• _Exercise aim_: Please retype the listing exactly as it appears, skipping each picture.

*** Data supplied Section Begins ***

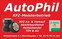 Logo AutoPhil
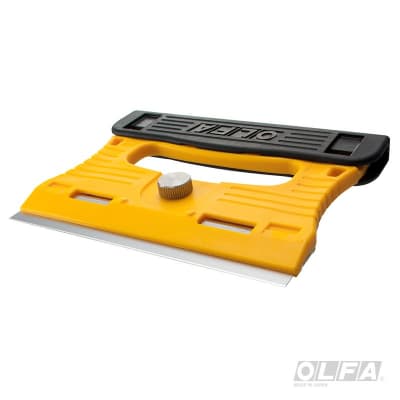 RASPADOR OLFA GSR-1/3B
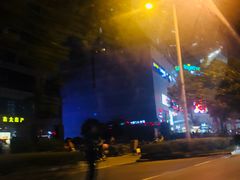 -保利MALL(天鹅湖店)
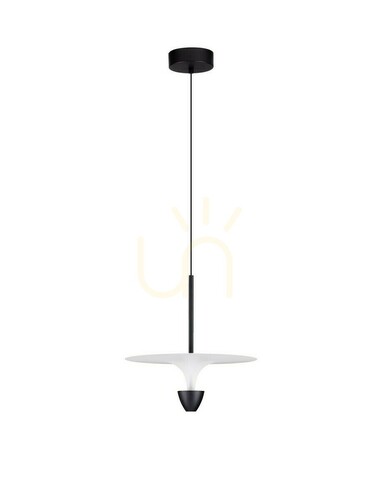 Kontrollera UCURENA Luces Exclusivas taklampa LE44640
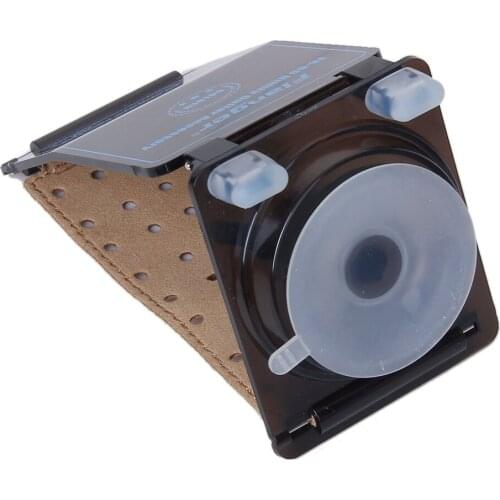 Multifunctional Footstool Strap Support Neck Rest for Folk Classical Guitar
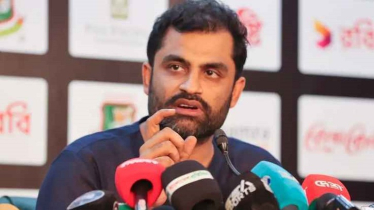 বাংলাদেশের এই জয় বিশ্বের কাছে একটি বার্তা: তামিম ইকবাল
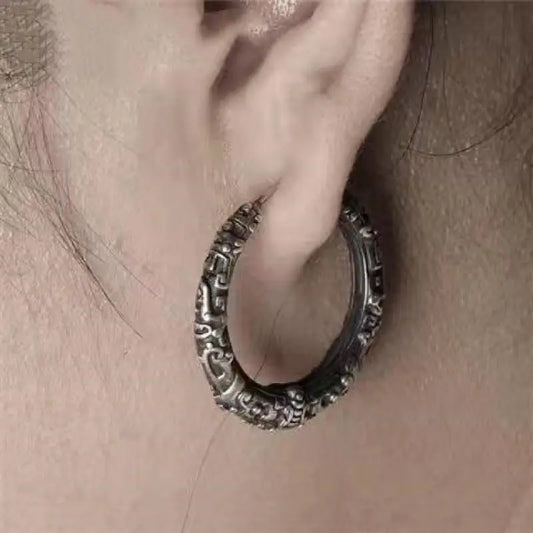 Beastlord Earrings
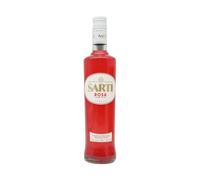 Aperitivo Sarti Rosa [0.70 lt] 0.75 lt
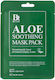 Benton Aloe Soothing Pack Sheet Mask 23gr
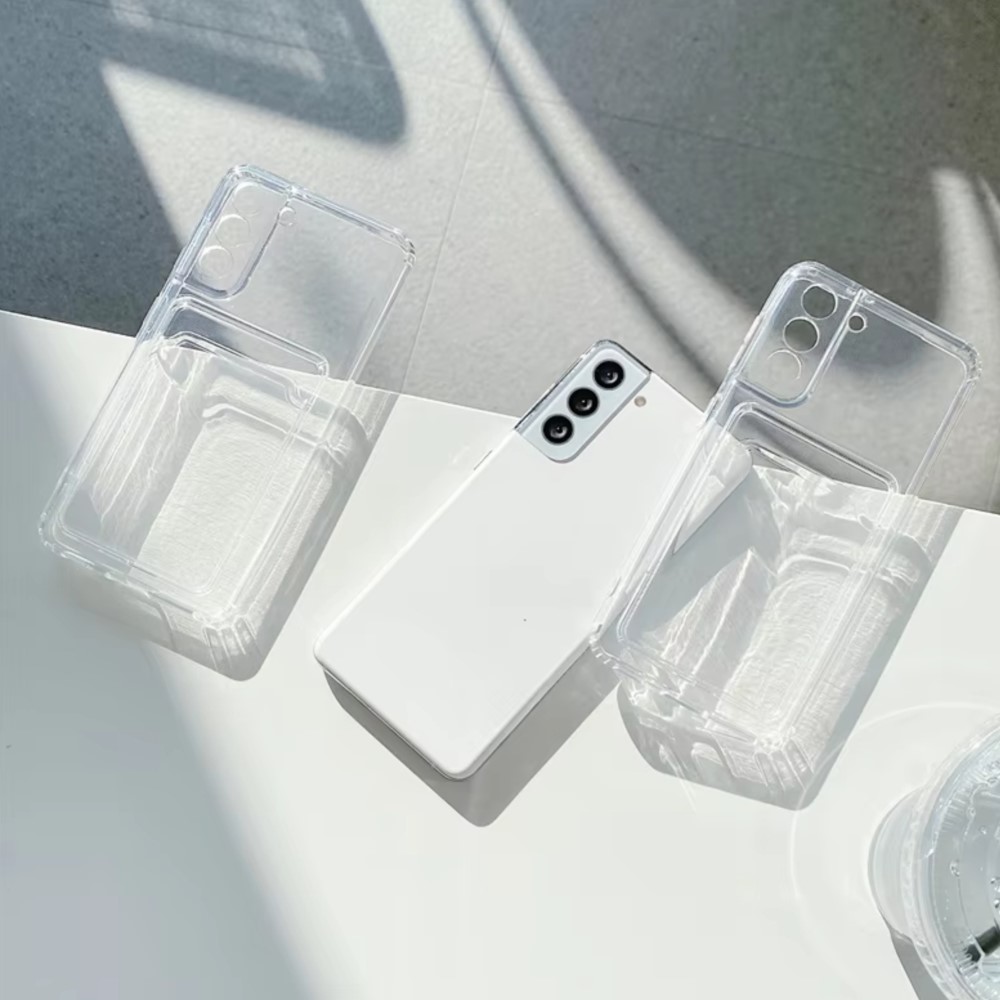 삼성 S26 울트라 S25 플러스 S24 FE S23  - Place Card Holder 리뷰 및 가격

*** Data supplied Section Ends ***

• _Output of the task_:
 Logo AutoPhil
 RASPADOR OLFA GSR-1/3B
 -保利MALL(天鹅湖店)
 Kontrollera UCURENA Luces Exclusivas taklampa LE44640
 Multifunctional Footstool Strap Support Neck Rest for Folk Classical Guitar
 বাংলাদেশের এই জয় বিশ্বের কাছে একটি বার্তা: তামিম ইকবাল
 Beastlord Earrings
 Aperitivo Sarti Rosa [0.70 lt] 0.75 lt
 Benton Aloe Soothing Pack Sheet Mask 23gr
 삼성 S26 울트라 S25 플러스 S24 FE S23  - Place Card Holder 리뷰 및 가격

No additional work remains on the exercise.